* [Dataset records]:
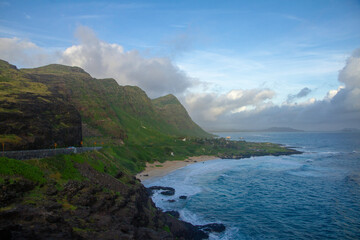 Fototapeta na wymiar Surf Beach at bottom of scenic green mountains in Hawaii, landscape 
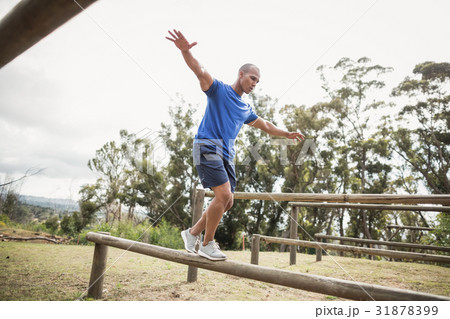 Fit man balancing on hurdles during obstacle course training Fit man balancing on hurdles during obstacle course training 31878399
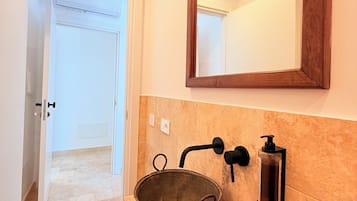 Ein Badezimmer mit Waschbecken, Spiegel und Dusche.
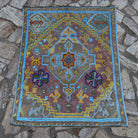 Blue 3' x 4' vintage Turkish oushak rug in wool and cotton, shown on the floor.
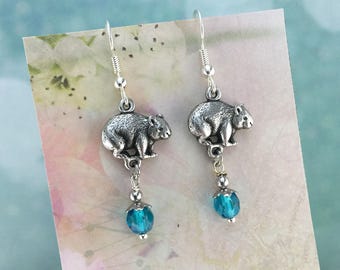 May include: Silver dangle earrings featuring a small, detailed wombat charm and a dangling turquoise crystal bead.
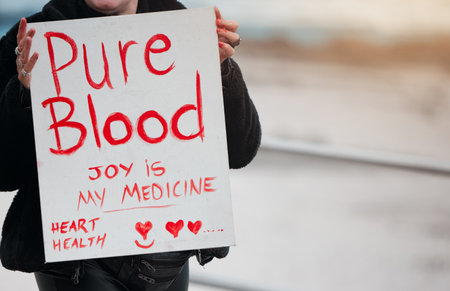 I trust my immune. system. Cape Town, South African - October 2, 2021 Unrecognisable demonstrators holding up signs and protesting against the Covid 19 vaccine.の写真素材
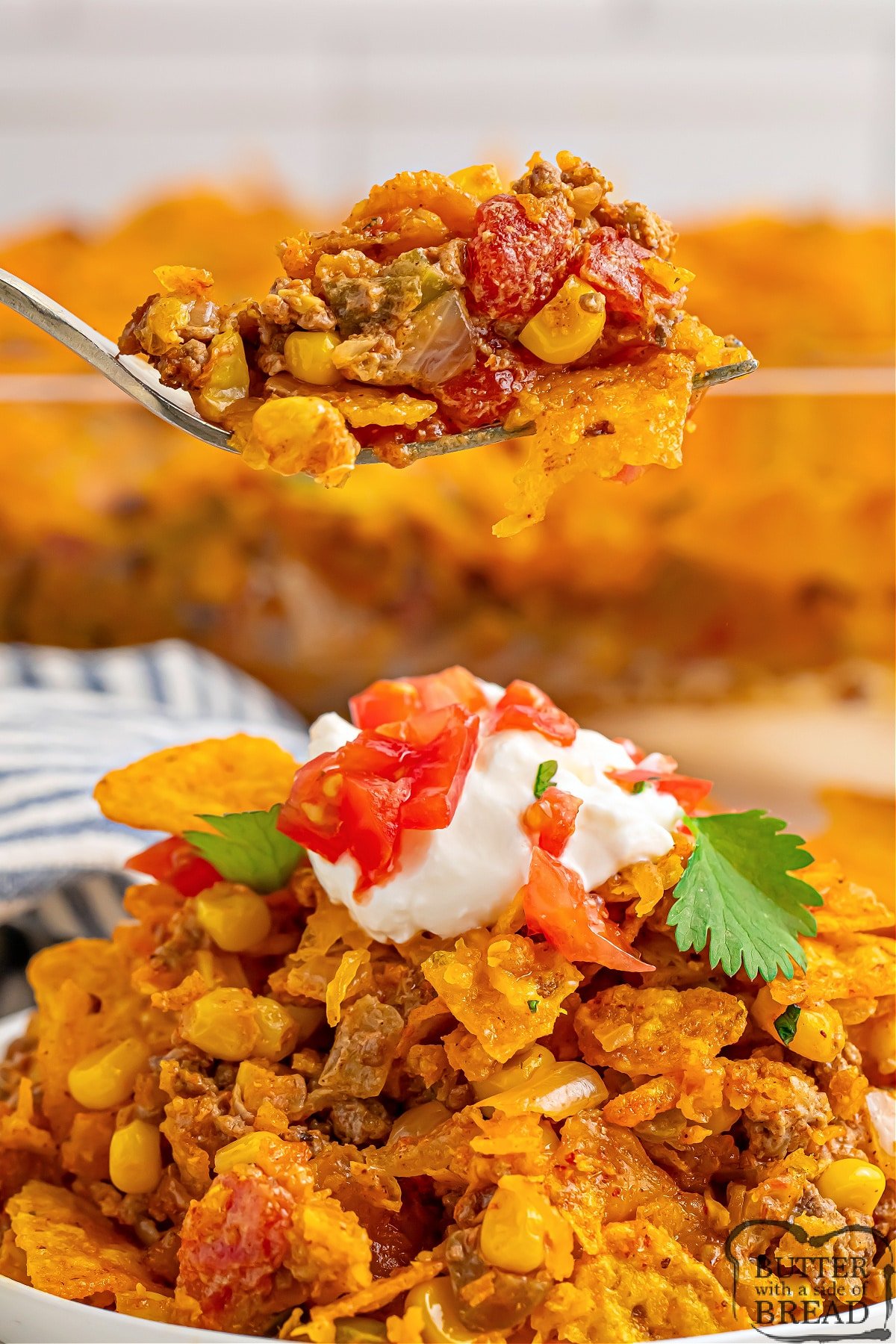 Dorito Taco Casserole made in less than 40 minutes is the perfect weeknight dinner recipe. Delicious casserole recipe made with ground beef, onion, tomatoes, corn, crushed Doritos, and cheese. 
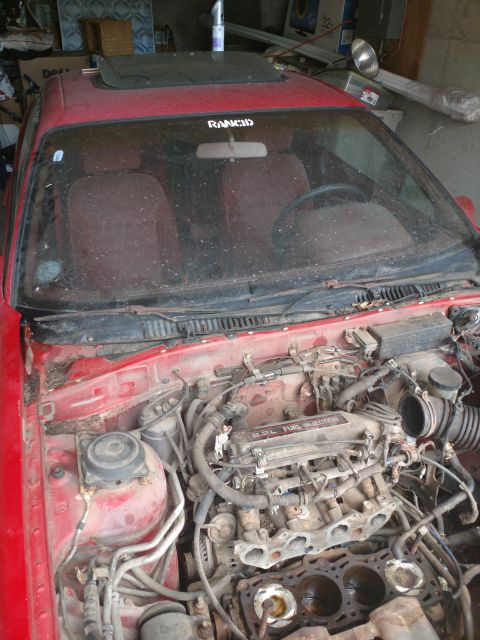 1989 Ford Probe - The engine bay of a red 1989 Ford Probe is shown, with the hood open. The engine is partially disassembled, revealing the cylinders and fue…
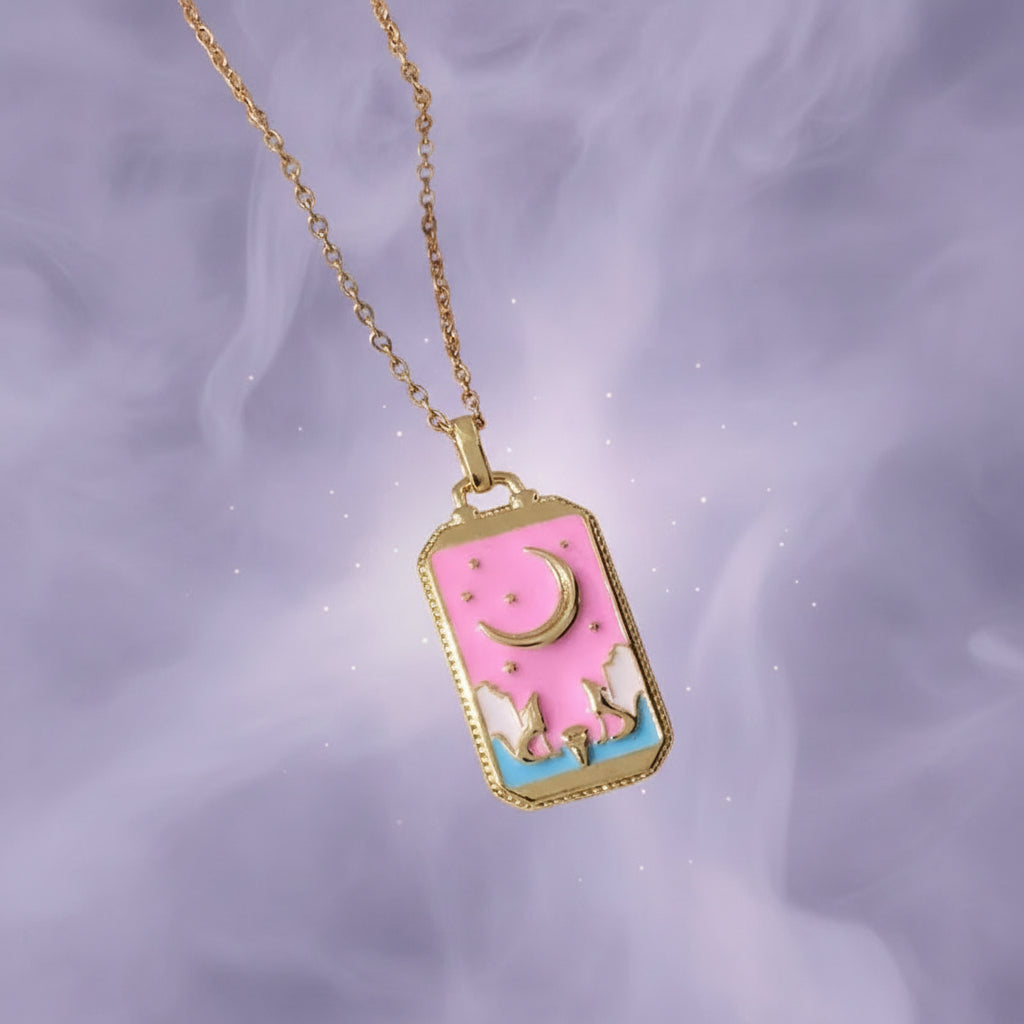 Necklace with a pink pendant featuring a unicorn and moon on a textured surface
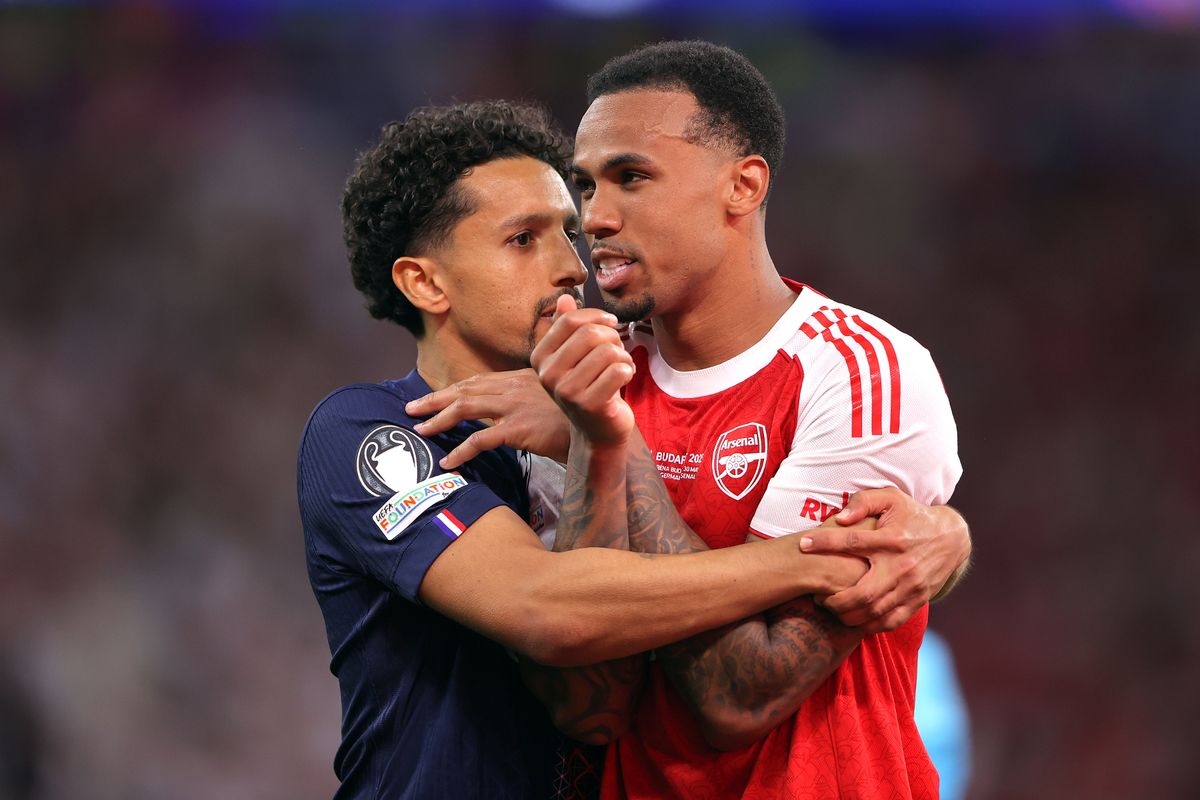 Marquinhos of Paris Saint-Germain consoles Gabriel of Arsenal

* [Instructions to follow]: Output the listing unchanged, pictures excluded.

* [Answer to the problem]:
 Fototapeta na wymiar Surf Beach at bottom of scenic green mountains in Hawaii, landscape 
 Fit man balancing on hurdles during obstacle course training Fit man balancing on hurdles during obstacle course training 31878399
 Ein Badezimmer mit Waschbecken, Spiegel und Dusche.
 Blue 3' x 4' vintage Turkish oushak rug in wool and cotton, shown on the floor.
 May include: Silver dangle earrings featuring a small, detailed wombat charm and a dangling turquoise crystal bead.
 I trust my immune. system. Cape Town, South African - October 2, 2021 Unrecognisable demonstrators holding up signs and protesting against the Covid 19 vaccine.の写真素材
 Dorito Taco Casserole made in less than 40 minutes is the perfect weeknight dinner recipe. Delicious casserole recipe made with ground beef, onion, tomatoes, corn, crushed Doritos, and cheese. 
 1989 Ford Probe - The engine bay of a red 1989 Ford Probe is shown, with the hood open. The engine is partially disassembled, revealing the cylinders and fue…
 Necklace with a pink pendant featuring a unicorn and moon on a textured surface
 Marquinhos of Paris Saint-Germain consoles Gabriel of Arsenal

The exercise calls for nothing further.